## Exercise requirements
Pictures stay out of the copy. Retype exactly the lines below from the one with "El Kun podría" through the one with "Luxurious Apartments in".

─── Data to use

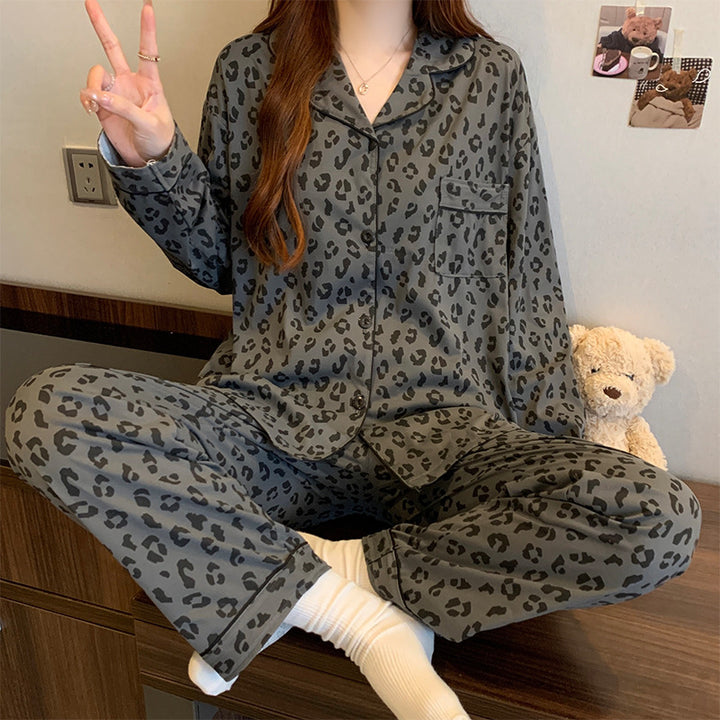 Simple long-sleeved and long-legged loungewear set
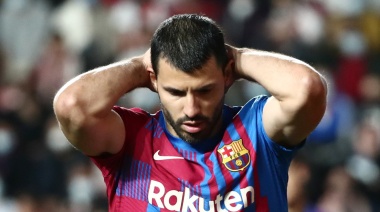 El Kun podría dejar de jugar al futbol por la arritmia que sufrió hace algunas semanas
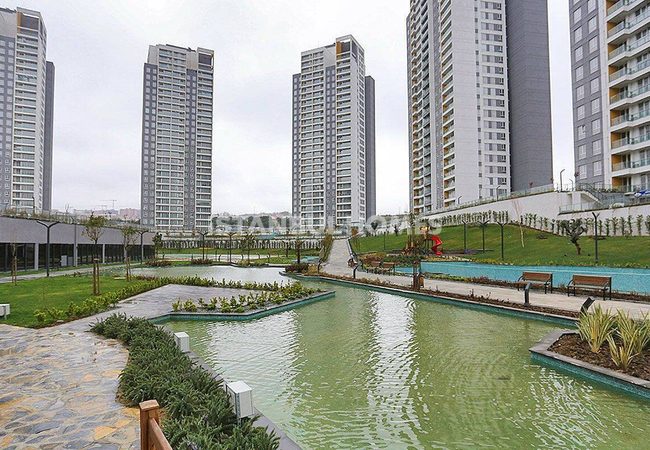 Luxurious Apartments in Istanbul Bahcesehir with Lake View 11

──────
─── Data to use

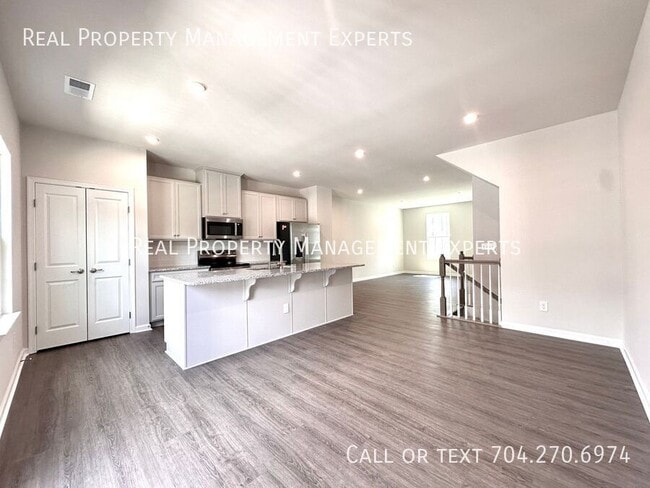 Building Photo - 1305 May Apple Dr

──────

## Answer section
 El Kun podría dejar de jugar al futbol por la arritmia que sufrió hace algunas semanas
 Luxurious Apartments in Istanbul Bahcesehir with Lake View 11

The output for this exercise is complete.